ABOUT THIS TASK: If an entry holds a picture, skip the picture but copy everything else exactly.

MATERIAL PROVIDED:

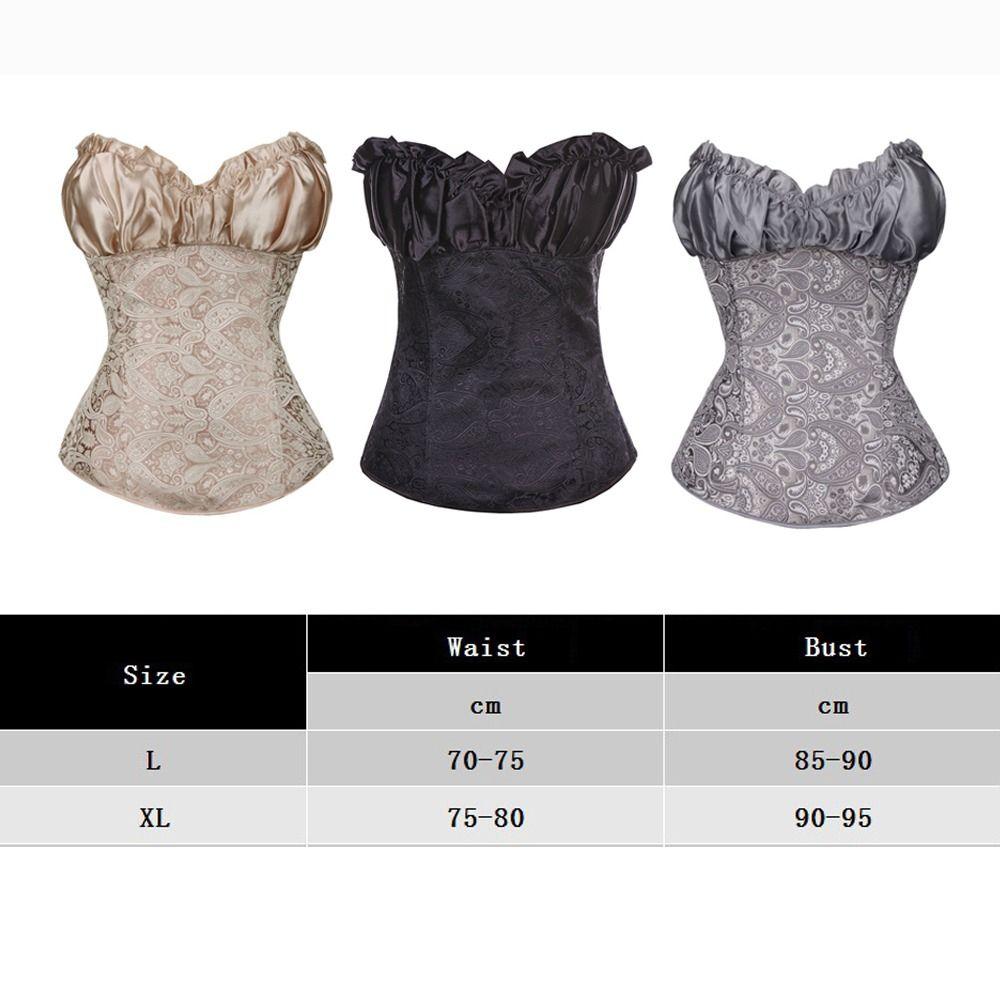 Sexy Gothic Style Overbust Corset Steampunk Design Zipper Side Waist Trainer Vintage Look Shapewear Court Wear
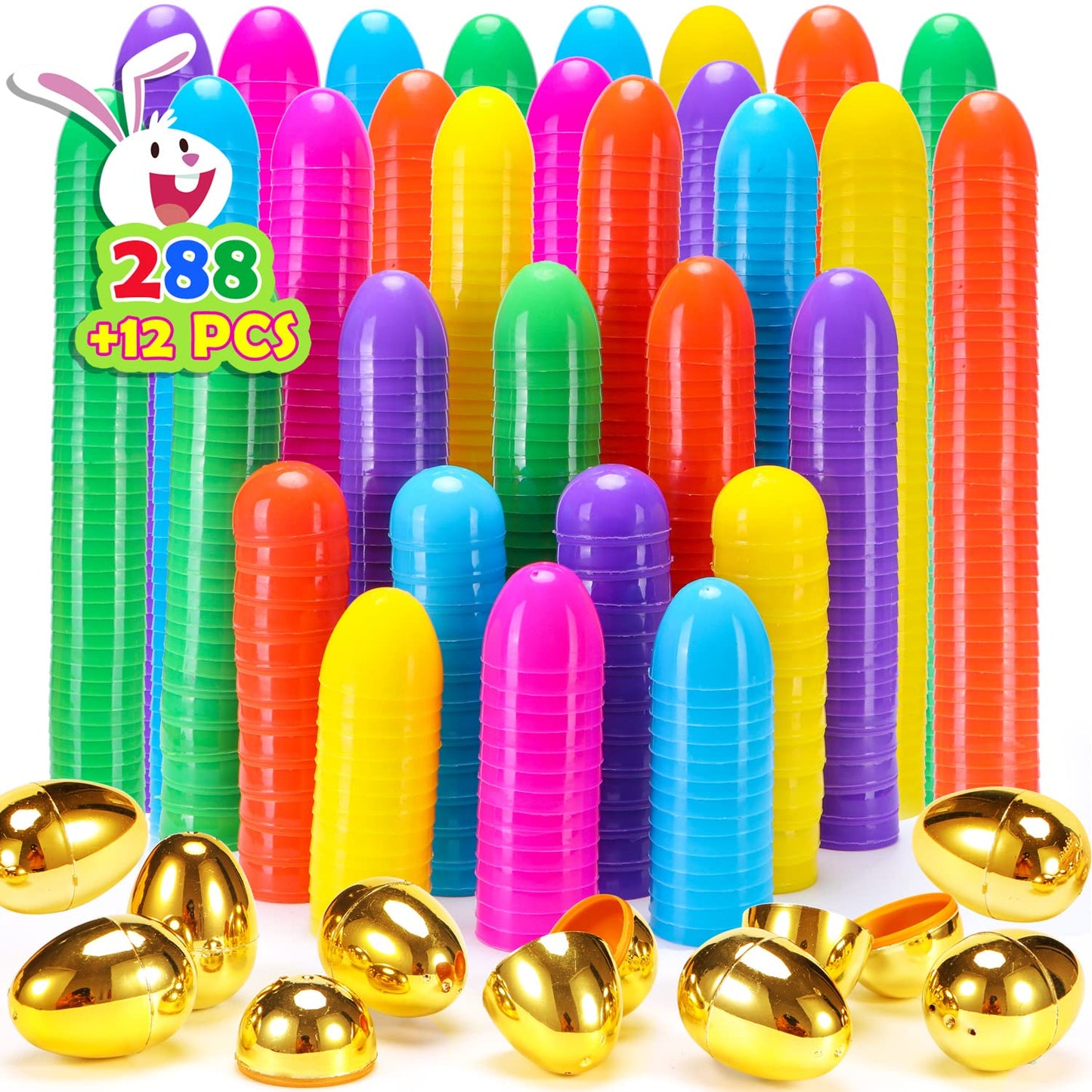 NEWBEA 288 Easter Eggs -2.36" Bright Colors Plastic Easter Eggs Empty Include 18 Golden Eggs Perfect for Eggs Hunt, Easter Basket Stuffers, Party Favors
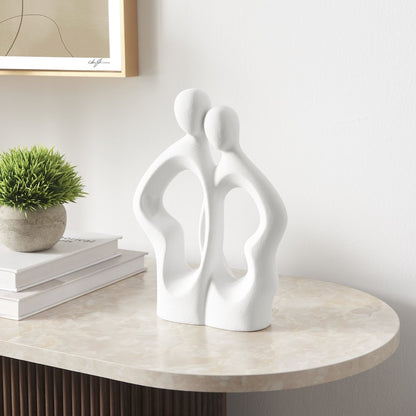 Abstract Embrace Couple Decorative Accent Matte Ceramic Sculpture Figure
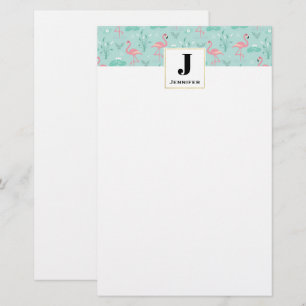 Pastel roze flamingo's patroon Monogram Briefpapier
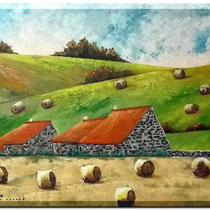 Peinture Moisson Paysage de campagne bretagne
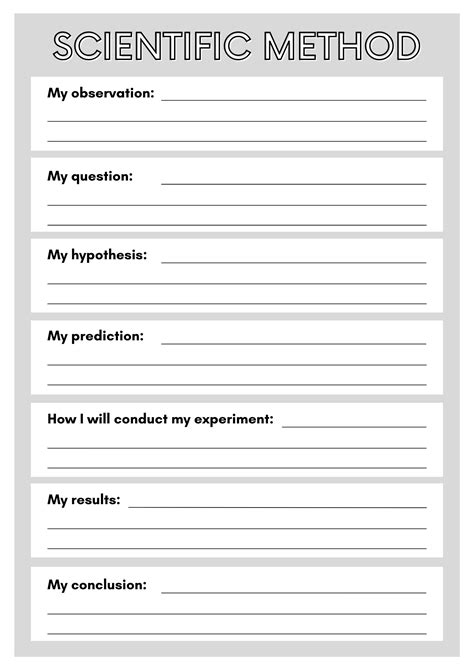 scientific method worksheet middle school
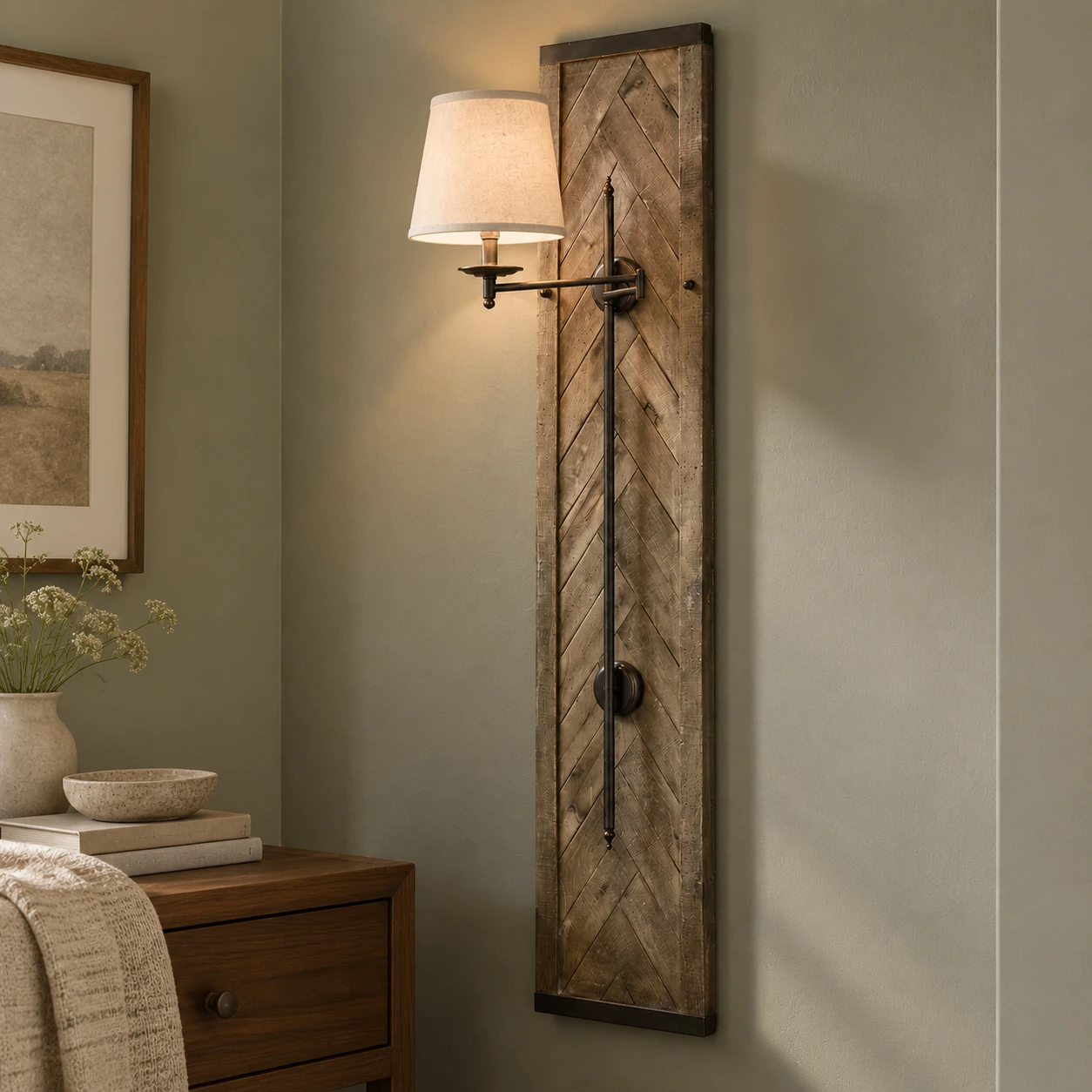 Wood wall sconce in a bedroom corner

ANSWER BELOW:
 Sexy Gothic Style Overbust Corset Steampunk Design Zipper Side Waist Trainer Vintage Look Shapewear Court Wear
 NEWBEA 288 Easter Eggs -2.36" Bright Colors Plastic Easter Eggs Empty Include 18 Golden Eggs Perfect for Eggs Hunt, Easter Basket Stuffers, Party Favors
 Abstract Embrace Couple Decorative Accent Matte Ceramic Sculpture Figure
 Pastel roze flamingo's patroon Monogram Briefpapier
 Peinture Moisson Paysage de campagne bretagne
 scientific method worksheet middle school
 Wood wall sconce in a bedroom corner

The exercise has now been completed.